**HOW TO COMPLETE THIS TASK:** From the listing below, reproduce word for word the part that opens with the line containing "Backpack Men’s Business" and closes with the line containing "PULL & BEAR Coltruien Trui Heren Smaragd 1"; reproduce nothing else.

**INPUT RECORDS:**
* * *
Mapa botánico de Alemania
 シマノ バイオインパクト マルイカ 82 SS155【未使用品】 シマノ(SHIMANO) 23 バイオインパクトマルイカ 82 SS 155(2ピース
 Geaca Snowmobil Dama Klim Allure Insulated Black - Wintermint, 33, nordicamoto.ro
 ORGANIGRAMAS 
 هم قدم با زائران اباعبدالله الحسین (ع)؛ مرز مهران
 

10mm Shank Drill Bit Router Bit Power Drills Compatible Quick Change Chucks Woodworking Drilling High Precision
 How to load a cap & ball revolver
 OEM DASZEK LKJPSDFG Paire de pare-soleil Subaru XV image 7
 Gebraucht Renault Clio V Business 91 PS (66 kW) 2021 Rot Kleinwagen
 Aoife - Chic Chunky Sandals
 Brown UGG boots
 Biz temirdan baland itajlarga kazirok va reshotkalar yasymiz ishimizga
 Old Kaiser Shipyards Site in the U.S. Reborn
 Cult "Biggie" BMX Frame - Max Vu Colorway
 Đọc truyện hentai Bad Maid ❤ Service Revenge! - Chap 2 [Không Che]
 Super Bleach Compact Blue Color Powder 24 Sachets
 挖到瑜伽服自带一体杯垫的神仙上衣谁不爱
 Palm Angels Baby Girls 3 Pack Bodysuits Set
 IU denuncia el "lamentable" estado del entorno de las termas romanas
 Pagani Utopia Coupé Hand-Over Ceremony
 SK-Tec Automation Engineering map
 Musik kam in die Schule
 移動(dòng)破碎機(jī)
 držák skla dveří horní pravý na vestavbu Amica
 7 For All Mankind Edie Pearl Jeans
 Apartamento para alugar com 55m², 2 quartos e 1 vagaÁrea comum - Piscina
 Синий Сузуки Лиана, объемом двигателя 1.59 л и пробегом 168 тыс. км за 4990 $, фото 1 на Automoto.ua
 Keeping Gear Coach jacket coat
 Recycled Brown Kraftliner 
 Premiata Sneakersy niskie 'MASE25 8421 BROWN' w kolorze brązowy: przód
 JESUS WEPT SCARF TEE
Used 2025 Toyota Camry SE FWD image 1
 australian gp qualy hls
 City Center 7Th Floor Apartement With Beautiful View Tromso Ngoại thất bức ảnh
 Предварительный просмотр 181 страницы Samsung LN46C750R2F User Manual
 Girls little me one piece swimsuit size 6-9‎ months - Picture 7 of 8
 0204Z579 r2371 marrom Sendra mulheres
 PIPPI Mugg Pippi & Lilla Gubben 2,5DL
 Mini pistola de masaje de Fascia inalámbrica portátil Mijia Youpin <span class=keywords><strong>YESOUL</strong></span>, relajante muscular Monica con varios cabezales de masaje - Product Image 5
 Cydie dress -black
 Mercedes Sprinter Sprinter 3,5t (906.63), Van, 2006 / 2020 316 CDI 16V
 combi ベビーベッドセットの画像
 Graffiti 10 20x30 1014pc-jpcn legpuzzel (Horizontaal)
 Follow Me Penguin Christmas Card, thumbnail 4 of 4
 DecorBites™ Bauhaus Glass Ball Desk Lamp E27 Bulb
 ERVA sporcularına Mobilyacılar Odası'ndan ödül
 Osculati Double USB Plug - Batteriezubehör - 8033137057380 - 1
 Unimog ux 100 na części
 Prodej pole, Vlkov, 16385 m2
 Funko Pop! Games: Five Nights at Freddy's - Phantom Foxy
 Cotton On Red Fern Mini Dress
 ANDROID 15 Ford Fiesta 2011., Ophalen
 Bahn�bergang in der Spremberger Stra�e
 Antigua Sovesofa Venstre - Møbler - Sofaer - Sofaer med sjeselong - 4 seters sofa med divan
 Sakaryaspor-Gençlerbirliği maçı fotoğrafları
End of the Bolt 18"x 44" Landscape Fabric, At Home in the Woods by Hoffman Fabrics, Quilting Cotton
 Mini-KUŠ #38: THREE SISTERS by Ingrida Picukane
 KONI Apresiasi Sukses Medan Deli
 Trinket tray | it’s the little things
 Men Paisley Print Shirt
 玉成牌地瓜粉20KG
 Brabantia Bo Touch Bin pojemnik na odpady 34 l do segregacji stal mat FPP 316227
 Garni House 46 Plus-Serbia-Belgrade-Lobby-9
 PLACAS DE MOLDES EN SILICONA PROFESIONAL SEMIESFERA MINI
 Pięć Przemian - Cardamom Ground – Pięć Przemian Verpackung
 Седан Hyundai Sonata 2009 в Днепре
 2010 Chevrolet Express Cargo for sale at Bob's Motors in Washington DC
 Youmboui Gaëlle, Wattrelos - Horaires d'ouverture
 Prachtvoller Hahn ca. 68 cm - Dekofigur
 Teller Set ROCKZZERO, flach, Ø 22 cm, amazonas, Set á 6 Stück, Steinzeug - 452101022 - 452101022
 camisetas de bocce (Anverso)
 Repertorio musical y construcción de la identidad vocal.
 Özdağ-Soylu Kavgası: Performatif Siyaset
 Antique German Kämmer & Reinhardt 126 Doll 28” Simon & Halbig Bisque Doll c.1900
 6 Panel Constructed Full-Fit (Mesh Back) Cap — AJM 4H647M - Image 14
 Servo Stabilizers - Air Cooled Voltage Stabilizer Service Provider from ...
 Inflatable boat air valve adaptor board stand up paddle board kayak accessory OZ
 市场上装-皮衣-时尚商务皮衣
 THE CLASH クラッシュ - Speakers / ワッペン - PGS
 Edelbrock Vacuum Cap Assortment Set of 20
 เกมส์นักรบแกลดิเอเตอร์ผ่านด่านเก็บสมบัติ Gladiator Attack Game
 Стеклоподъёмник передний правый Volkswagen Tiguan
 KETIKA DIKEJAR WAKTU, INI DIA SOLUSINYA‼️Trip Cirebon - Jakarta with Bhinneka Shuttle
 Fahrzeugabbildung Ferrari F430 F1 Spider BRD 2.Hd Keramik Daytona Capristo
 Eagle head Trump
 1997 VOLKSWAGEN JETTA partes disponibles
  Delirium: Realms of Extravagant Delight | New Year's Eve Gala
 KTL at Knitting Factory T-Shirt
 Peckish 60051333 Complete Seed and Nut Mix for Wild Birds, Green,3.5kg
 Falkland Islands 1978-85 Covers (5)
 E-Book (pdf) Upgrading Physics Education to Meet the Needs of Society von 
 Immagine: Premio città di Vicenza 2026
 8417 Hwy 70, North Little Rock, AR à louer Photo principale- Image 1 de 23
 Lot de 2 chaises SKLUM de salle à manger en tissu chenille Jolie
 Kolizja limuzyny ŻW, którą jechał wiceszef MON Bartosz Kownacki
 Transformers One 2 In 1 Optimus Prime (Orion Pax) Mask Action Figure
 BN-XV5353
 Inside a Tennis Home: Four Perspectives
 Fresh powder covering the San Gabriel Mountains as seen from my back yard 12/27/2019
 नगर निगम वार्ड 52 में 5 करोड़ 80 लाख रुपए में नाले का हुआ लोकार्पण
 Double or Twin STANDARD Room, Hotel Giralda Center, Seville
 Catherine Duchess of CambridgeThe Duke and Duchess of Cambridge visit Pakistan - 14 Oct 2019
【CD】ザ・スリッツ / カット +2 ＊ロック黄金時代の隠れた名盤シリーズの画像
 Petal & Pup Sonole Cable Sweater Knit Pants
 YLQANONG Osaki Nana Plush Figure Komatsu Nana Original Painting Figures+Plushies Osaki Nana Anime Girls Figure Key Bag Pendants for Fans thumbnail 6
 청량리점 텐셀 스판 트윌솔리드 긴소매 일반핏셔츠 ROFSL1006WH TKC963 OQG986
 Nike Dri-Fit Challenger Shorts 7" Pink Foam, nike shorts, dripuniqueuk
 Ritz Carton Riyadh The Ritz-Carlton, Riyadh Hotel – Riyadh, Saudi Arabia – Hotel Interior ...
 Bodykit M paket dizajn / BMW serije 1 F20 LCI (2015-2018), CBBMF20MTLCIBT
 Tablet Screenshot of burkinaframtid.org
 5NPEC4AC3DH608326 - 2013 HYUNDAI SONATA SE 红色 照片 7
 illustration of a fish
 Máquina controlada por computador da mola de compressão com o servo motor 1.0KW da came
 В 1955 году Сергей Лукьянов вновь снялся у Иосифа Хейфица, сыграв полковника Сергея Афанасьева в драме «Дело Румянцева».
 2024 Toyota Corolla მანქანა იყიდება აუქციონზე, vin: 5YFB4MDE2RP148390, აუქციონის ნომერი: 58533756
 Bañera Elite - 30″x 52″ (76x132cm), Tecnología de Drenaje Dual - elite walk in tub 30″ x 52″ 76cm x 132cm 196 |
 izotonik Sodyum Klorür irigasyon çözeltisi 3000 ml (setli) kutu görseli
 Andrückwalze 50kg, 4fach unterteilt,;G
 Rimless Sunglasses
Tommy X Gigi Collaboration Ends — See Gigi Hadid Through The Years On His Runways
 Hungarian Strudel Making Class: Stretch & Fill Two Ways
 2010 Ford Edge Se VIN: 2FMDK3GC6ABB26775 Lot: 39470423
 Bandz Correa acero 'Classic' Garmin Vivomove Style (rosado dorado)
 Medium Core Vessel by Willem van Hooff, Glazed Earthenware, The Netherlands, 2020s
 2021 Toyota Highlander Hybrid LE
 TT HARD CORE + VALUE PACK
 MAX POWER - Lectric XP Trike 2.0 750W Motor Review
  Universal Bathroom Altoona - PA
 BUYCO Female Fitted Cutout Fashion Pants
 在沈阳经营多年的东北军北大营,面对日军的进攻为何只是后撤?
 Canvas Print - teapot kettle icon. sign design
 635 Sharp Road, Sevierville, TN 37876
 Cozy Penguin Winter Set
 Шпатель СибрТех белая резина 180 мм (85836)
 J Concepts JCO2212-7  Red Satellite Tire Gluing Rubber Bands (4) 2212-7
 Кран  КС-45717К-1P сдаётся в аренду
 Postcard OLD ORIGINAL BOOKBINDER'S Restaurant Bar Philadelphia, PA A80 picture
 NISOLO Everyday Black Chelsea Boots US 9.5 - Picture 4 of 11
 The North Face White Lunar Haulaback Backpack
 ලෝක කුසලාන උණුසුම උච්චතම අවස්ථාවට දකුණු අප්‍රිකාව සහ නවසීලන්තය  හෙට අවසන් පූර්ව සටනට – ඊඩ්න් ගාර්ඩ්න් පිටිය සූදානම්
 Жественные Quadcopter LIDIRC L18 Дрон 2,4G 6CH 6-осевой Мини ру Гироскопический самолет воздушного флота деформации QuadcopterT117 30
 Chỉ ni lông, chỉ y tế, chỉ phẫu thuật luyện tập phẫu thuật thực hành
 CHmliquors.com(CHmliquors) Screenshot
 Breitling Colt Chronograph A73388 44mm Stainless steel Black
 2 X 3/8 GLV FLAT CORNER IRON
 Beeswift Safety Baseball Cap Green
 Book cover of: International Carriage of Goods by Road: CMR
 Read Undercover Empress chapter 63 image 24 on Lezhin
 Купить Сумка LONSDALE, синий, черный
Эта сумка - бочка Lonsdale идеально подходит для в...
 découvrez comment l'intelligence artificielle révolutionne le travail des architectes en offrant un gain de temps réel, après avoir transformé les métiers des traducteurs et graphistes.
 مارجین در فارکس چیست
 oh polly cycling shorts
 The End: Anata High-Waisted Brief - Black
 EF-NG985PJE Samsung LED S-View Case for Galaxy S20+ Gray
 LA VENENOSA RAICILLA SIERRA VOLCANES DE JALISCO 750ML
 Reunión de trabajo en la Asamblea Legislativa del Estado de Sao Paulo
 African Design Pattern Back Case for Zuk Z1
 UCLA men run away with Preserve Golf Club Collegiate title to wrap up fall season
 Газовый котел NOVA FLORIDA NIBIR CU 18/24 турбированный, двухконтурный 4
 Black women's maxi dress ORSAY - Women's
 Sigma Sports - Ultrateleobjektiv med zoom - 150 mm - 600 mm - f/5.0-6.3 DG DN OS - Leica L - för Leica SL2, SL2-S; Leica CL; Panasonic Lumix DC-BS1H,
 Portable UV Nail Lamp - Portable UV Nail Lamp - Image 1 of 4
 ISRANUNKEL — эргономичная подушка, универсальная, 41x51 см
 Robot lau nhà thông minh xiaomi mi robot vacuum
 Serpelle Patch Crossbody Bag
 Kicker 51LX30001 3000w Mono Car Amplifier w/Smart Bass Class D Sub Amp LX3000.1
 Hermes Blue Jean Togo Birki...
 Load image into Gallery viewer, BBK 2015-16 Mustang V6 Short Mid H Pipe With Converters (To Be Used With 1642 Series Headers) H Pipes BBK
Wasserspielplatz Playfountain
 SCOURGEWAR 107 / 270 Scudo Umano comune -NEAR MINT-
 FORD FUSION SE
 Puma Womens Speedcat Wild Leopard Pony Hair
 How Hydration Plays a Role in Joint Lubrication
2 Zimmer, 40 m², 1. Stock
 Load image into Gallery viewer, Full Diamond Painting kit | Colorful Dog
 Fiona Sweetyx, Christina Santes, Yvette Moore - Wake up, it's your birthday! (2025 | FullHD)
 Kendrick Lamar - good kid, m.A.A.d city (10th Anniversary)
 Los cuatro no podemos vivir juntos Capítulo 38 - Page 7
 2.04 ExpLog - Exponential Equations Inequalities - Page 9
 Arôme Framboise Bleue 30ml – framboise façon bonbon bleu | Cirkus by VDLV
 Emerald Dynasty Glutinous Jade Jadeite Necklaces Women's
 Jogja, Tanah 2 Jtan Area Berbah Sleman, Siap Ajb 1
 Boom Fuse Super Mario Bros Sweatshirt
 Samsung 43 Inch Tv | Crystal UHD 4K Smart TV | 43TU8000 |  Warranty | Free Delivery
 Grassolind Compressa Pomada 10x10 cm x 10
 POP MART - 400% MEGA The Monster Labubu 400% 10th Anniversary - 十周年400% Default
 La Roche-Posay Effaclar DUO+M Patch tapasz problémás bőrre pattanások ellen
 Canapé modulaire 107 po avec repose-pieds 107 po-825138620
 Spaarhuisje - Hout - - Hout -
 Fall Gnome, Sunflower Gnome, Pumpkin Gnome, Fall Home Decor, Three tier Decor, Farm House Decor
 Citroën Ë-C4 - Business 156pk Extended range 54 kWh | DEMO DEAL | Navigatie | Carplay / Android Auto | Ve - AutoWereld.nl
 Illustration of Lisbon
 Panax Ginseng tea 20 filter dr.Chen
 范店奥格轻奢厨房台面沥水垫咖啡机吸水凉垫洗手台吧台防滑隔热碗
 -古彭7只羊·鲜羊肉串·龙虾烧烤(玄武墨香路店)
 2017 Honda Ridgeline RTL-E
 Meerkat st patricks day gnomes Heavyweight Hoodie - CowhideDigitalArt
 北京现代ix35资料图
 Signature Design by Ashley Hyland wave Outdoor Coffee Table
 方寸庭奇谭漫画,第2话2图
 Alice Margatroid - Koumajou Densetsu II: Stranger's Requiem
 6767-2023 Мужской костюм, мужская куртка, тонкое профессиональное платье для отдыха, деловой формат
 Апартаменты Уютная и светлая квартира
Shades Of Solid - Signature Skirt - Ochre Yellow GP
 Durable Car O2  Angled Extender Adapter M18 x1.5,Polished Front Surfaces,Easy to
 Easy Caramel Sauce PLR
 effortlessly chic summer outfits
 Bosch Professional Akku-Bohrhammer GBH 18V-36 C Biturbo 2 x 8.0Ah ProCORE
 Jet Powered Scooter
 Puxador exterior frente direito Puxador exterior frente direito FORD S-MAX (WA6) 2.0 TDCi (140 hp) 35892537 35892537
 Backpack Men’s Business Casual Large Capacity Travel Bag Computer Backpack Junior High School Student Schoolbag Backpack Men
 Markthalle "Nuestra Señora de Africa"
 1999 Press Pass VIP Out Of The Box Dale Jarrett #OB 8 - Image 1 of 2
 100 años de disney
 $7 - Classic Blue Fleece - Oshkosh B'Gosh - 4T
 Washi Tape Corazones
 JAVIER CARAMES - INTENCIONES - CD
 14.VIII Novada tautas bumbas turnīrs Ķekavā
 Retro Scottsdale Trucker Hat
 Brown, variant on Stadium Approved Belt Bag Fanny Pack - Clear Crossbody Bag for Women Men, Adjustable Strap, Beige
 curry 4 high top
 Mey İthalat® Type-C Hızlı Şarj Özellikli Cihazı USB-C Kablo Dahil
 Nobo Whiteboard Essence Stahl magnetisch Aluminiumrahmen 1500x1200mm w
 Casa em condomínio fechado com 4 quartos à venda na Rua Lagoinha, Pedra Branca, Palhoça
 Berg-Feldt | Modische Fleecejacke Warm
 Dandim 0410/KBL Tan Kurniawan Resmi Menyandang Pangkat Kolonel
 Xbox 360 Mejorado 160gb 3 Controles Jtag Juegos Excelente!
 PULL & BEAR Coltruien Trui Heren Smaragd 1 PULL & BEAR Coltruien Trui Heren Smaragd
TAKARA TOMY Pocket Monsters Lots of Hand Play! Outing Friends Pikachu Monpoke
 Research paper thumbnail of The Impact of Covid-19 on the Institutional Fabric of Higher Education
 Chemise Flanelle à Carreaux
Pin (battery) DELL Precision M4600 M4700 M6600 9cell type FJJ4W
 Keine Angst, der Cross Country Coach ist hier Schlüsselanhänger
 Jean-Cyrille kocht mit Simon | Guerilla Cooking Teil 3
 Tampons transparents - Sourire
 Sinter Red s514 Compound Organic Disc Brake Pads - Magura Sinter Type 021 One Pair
* * *
**RESULT OF THE EXERCISE:**
 Backpack Men’s Business Casual Large Capacity Travel Bag Computer Backpack Junior High School Student Schoolbag Backpack Men
 Markthalle "Nuestra Señora de Africa"
 1999 Press Pass VIP Out Of The Box Dale Jarrett #OB 8 - Image 1 of 2
 100 años de disney
 $7 - Classic Blue Fleece - Oshkosh B'Gosh - 4T
 Washi Tape Corazones
 JAVIER CARAMES - INTENCIONES - CD
 14.VIII Novada tautas bumbas turnīrs Ķekavā
 Retro Scottsdale Trucker Hat
 Brown, variant on Stadium Approved Belt Bag Fanny Pack - Clear Crossbody Bag for Women Men, Adjustable Strap, Beige
 curry 4 high top
 Mey İthalat® Type-C Hızlı Şarj Özellikli Cihazı USB-C Kablo Dahil
 Nobo Whiteboard Essence Stahl magnetisch Aluminiumrahmen 1500x1200mm w
 Casa em condomínio fechado com 4 quartos à venda na Rua Lagoinha, Pedra Branca, Palhoça
 Berg-Feldt | Modische Fleecejacke Warm
 Dandim 0410/KBL Tan Kurniawan Resmi Menyandang Pangkat Kolonel
 Xbox 360 Mejorado 160gb 3 Controles Jtag Juegos Excelente!
 PULL & BEAR Coltruien Trui Heren Smaragd 1 PULL & BEAR Coltruien Trui Heren Smaragd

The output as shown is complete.